Data extracted from a collection:
- Opening Delimiter -

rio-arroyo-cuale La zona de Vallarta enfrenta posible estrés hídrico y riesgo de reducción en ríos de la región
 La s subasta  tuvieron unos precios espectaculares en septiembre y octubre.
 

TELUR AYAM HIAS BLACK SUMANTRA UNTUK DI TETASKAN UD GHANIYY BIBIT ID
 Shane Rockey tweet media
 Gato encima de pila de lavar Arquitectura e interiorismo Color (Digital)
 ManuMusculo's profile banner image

- Closing Delimiter -

▸ Assignment: Please return exactly the lines that run from the line with "Shane Rockey tweet media" through the end of the records above, both included, and nothing more.

▸ Response to this task:
 Shane Rockey tweet media
 Gato encima de pila de lavar Arquitectura e interiorismo Color (Digital)
 ManuMusculo's profile banner image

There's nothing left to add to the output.